The seven justices of the Colorado state Supreme Court—all Democratic appointees—heard arguments Wednesday regarding former President Trump’s eligibility to run for reelection based on the 14th Amendment.
A provision in the 14th Amendment says thatany American official who has taken an oath to uphold the U.S. Constitution is disqualified from holding office if they engaged in “insurrection or rebellion” or they’ve “given aid or comfort” to anyone else who has. The Amendment was established following the Civil War.
During Wednesday’s two-hour hearing in Denver, the justices posed questions central to the case, including the definition of insurrection, whether the deadly January 6, 2021 riot on the U.S. Capitol was in fact an insurrection, and whether the 14th Amendment’s provision applies to a U.S. President.
Colorado is one of six states where legal action has been raised regarding Trump and the 14th Amendment.
Last month, the Minnesota state Supreme Court dismissed the insurrection clause as preventing Trump from running for office again.
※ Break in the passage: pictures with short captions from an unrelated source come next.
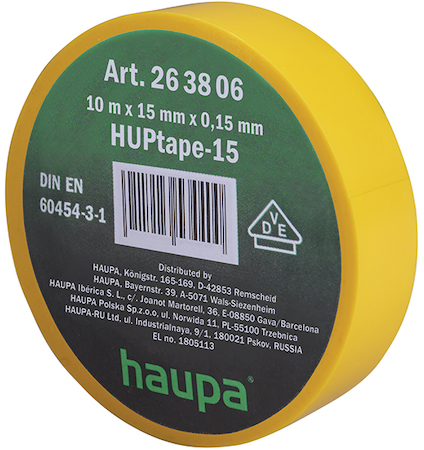 Haupa 263806 Insulating tape yellow       15 mm x 10 m
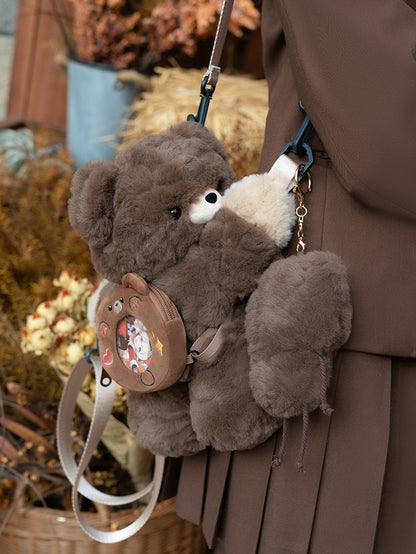 Keychain Plush Small/Middle/Large Bag Brown Backpack/Crossbody Size Bear +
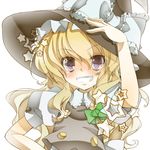  asuku_(69-1-31) bad_id bad_pixiv_id blonde_hair blush bow braid colorized grin hat hat_bow highres kirisame_marisa long_hair puffy_sleeves purple_eyes short_sleeves side_braid single_braid smile solo star touhou witch_hat 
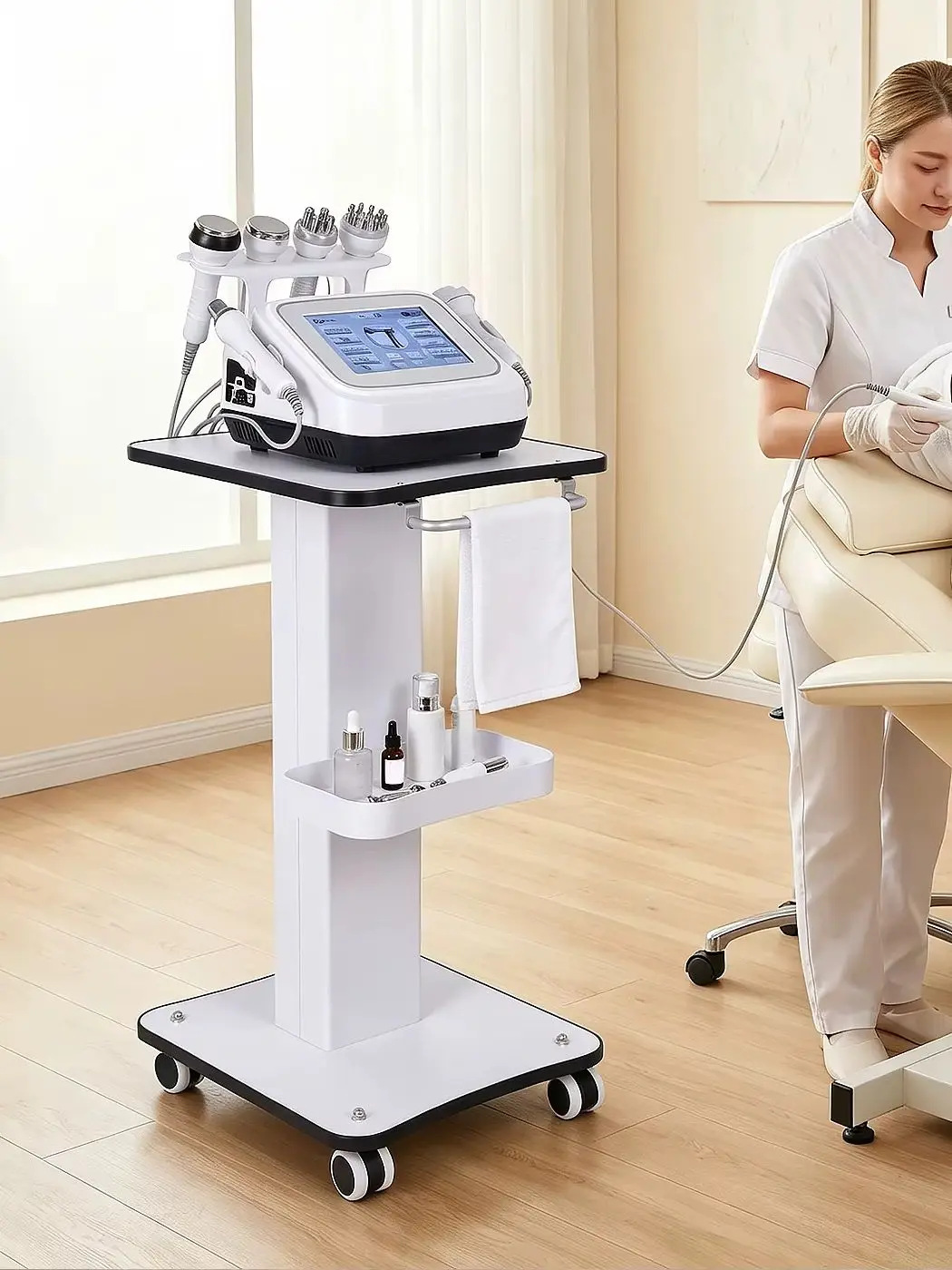 Schönheitssalon-Trolley mit Schwenkrädern und Griff, Mobiles Aufbewahrungsregal für Friseur-, Medizin- und Spa-Ausrüstung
About a week later, a Court of Claims judge in Michigan similarly rejected the insurrection argument in that state.
The question of whether the former President is Constitutionally eligible to potentially hold office again may ultimately be decided by the U.S. Supreme Court.
The issue of the 14th amendment surrounding Trump’s elegibility for office entered the national debate in earnest in August after two renowned legal scholars on opposite sides of the political spectrum raised the Constitutional argument: liberal Harvard Law professor emeritus Laurence Tribe and conservative retired federal judge Michael Luttig.
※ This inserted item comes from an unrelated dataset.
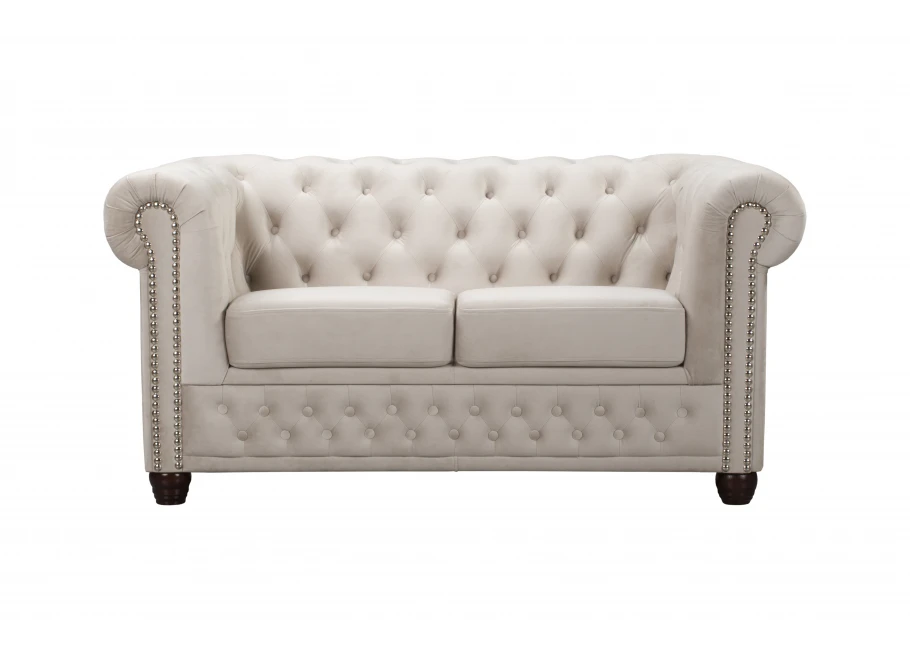 Sofa dwuosobowa z funkcją spania pikowana Chesterfield FELIX 2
Luttig, who lives in Colorado, has noted that the 14th Amendment’s section 3 “functions as a sort of constitutional immune system” meant to “keep those who have fundamentally betrayed the constitutional order from keeping or resuming power.”
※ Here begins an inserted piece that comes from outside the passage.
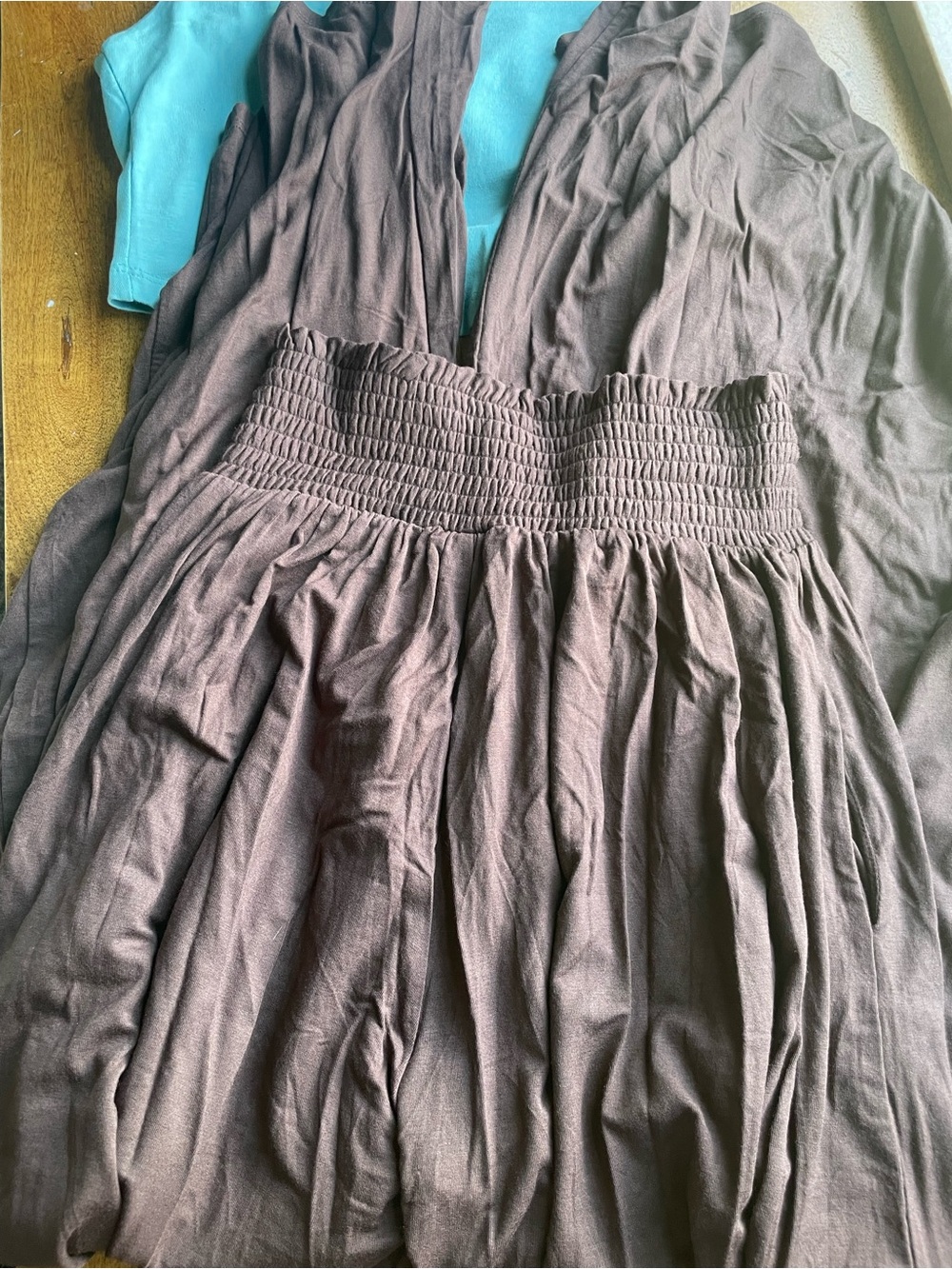 2 Piece Zenana Outfit Dark Brown Palazzo Pants and Teal Tank - Picture 6 of 9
Trump has said numerous times that if he wins reelection, he would pardon those convicted of crimes linked to the deadly January 6, 2021 insurrection on the U.S. Capitol while attempting to overturn President Biden’s 2020 electoral college victory.
However, Tribe has recently said that it’s “an error” to focus on January 6, for which Trump has denied any responsibility, when questioning his eligibility to be President again.
“It’s what he ADMITS—ATTEMPTING TO STAY IN POWER AFTER OFFICIALLY LOSING THE ELECTION—that DEFINES ‘insurrection against the Constitution of the United States,'” Tribe explained on social media last month.
In another thread Tribe elaborated, writing that “what Trump tried to do by holding onto the presidency by any means possible, from fake electoral slates to pressuring Pence to reject lawfully certified slates to fomenting violence on Jan 6, amounted to a classic case of a failed coup against the Constitution itself and not just an attempt to overthrow an agency of the government…Trump sought to seize the government for himself rather than to dismantle it, a distinction without a difference when it comes to the text and purpose of the Disqualification Clause of the 14th Amendment…”
Following the Minnesota ruling, Trump wrote on his platform Truth Social, “Congratulations to all who fought this HOAX!”
It was unclear when Colorado’s Supreme Court would issue a ruling in that state’s 14th Amendment case.